The solution at hand is that of Sparse Gaussian Process Regression, which try to approximate the posterior distribution of the real Gaussian Process Regression model without loosing too much information about the data.Two main groups can be distinguished: local and global methods. Several models have been proposed which combine "*the best of both worlds*": a combination between both. All of these will be explained in the following sections.

The project is focused in understanding GPR and SGPR, with the help of the articles by *Snelson and Ghahramani(2007)* and *Titsias (2009)* (found at the bottom of the document). The principal focus is made on the former. A reproducibility objective seems interesting with regard to this articles, as well as an expansion with an external database.

The programming framework used to model Gaussian Processes is *GPFlow* (https://www.gpflow.org/): similar to GPyTorch, only implemented through TensorFlow.

As a sidenote about the framework, we have to take into mind that not EVERY possibility is available among the huge world of Gaussian Processes. It is also a young framework, with little documentation.
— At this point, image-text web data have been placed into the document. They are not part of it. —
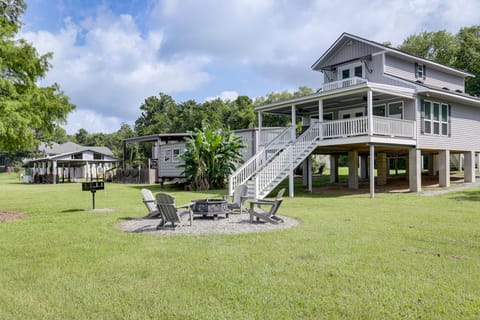 Riverfront Family Retreat w/ Yard in Saint Amant House in Mississippi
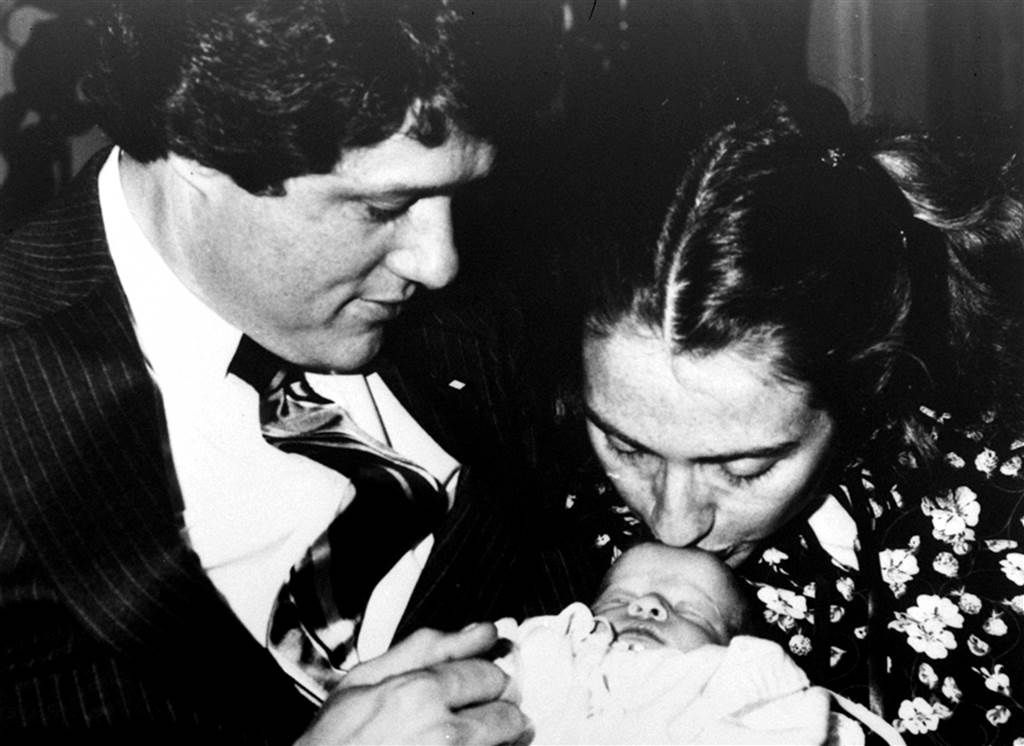 Cuộc đời và sự nghiệp của Hillary Clinton - 4 Tháng 5/1980, bà Hillary Clinton chụp ảnh cùng chồng Bill Clinton, khi đó là thống đốc bang Arkansas, và con gái Chelsea vừa chào đời (Ảnh: Donald R. Broyles)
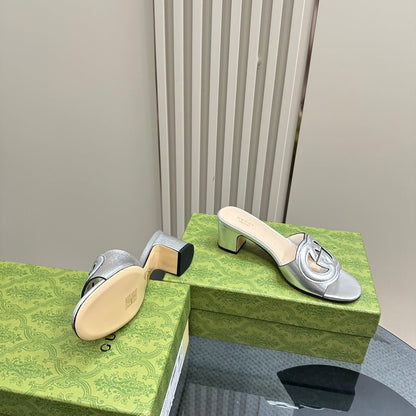 GUCCI MID-HEEL 5 CM MULE IN SILVER CALFSKIN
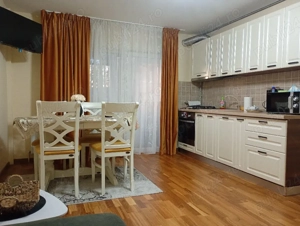 Proprietar inchiriez apartament 3 camere zona Dambovia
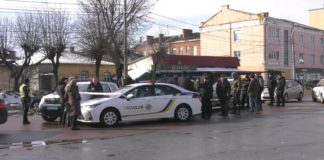 Погоня в Бердичеві: водій наїхав на поліцейського та протаранив службове авто Погоня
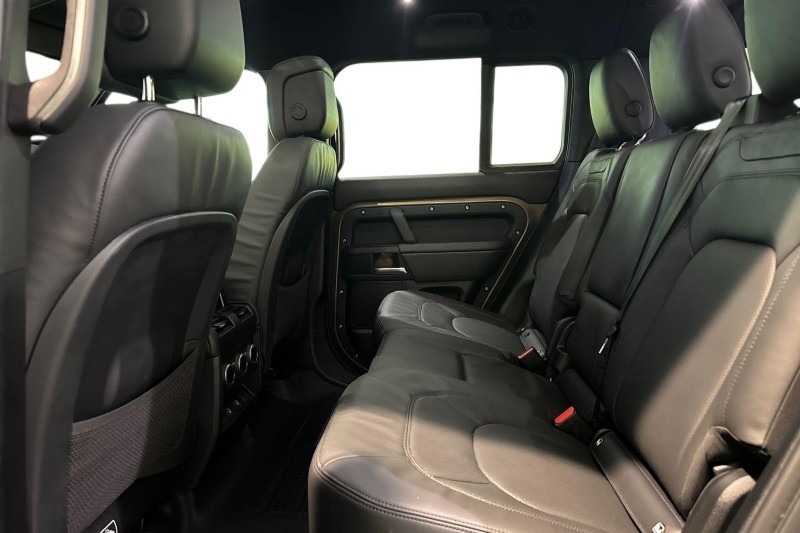  LAND ROVER DEFENDER 3.0 D350 X-Dynamic HSE 130 5dr Auto 5034325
To compress these ideas in a single list of objectives, we have:

**Objectives of the project:**
1. Understand Sparse Gaussian Process Regression on big volume datasets.
2. Understand how they are implemented in GPFlow library and the different models we can find.
3. Try to reproduce experimentation on *Snelson & Ghahramani* (2007) and *Titsias* (2009) to understand how these models work.
4. Use an external database(s) to confirm the characteristics of each method.
5. Implement different schemes to place inducing points.

### General Functions implemented

In [None]:

def plot_univariate(model, color, ax, lims=[-1,11], show_xs=True, show_ind_locations=True):
    x = model.data[0]
    y = model.data[1]
    xx = np.linspace(lims[0], lims[1], 100).reshape(-1, 1)
    mu, var = model.predict_y(xx)
    ax.plot(xx, mu, color, lw=2)
    ax.fill_between(
        xx[:, 0],
        mu[:, 0] - 1.96 * np.sqrt(var[:, 0]),
        mu[:, 0] + 1.96 * np.sqrt(var[:, 0]),
        color=color,
        alpha=0.2,
    )
    if show_xs:
        ax.plot(x, y, "k,", mew=2)
    if show_ind_locations:
        try:
            ax.plot(np.array(model.inducing_variable.variables[0]),
                    np.repeat(min(mu[:, 0] - 1.96 * np.sqrt(var[:, 0])) - 1, N_ind),
                    'rx')
        except:
            pass
    # Plot title
    ax.set_title(type(model).__name__)
    ax.set_xlim(lims[0], lims[1])


def create_models(data,
                  inducing_variable,
                  optimize=True,
                  opt=gpflow.optimizers.Scipy(),  # BFGS
                  niter=100,
                  verbose=False
                  ):
    ndim=data[0].shape[1]
    kernel = gpflow.kernels.SquaredExponential()
    kernel = gpflow.kernels.Matern32(lengthscales=np.ones(n_dim))
    m1 = gpflow.models.GPR(data, kernel=kernel)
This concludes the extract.